---- Given data
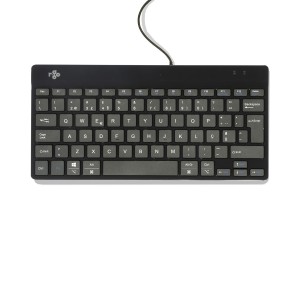 R-Go Tools Teclado ergonómico R-Go Compact Break, teclado compacto con software de pausa, QWERTY (PT), cableado, negro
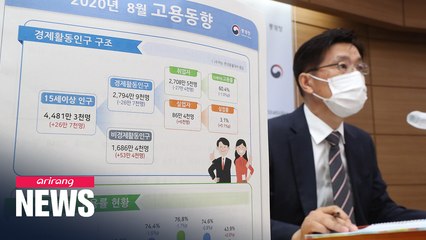 No. of people employed in S. Korea falls y/y for six consecutive months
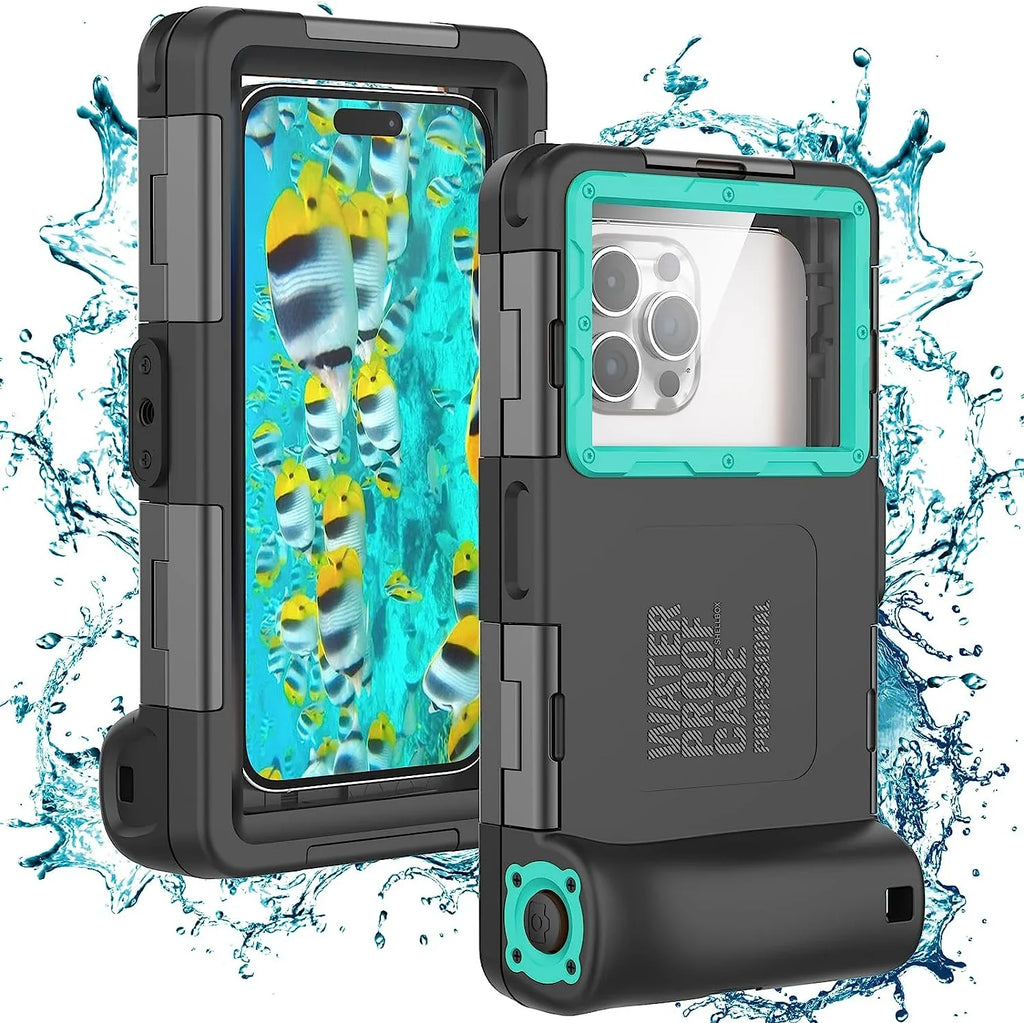 Waterproof Underwater Snorkeling Phone Case for iPhone 14/13/12/11 Pro Max Mini Xr/X/Xs/Samsung Galaxy Note10/9/8/S10/9/8 Ultra Plus Professional [15m/50ft] Photo Video Diving Wrap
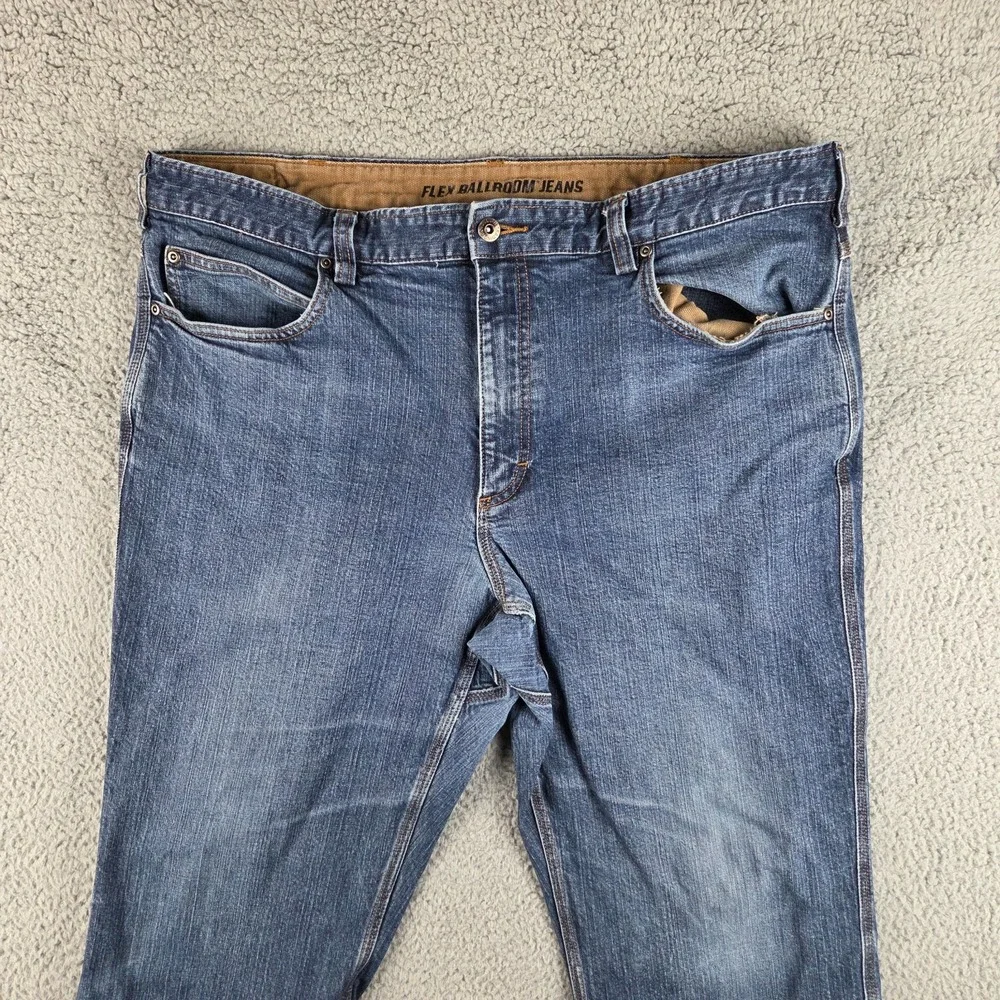 Duluth Trading Flex Ballroom Jeans Mens 42x32 (39x30)‎ Blue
--------
- [Your instructions] Set down all of the material word for word, but keep each picture out.

- [Solution]
 R-Go Tools Teclado ergonómico R-Go Compact Break, teclado compacto con software de pausa, QWERTY (PT), cableado, negro
 No. of people employed in S. Korea falls y/y for six consecutive months
 Waterproof Underwater Snorkeling Phone Case for iPhone 14/13/12/11 Pro Max Mini Xr/X/Xs/Samsung Galaxy Note10/9/8/S10/9/8 Ultra Plus Professional [15m/50ft] Photo Video Diving Wrap
 Duluth Trading Flex Ballroom Jeans Mens 42x32 (39x30)‎ Blue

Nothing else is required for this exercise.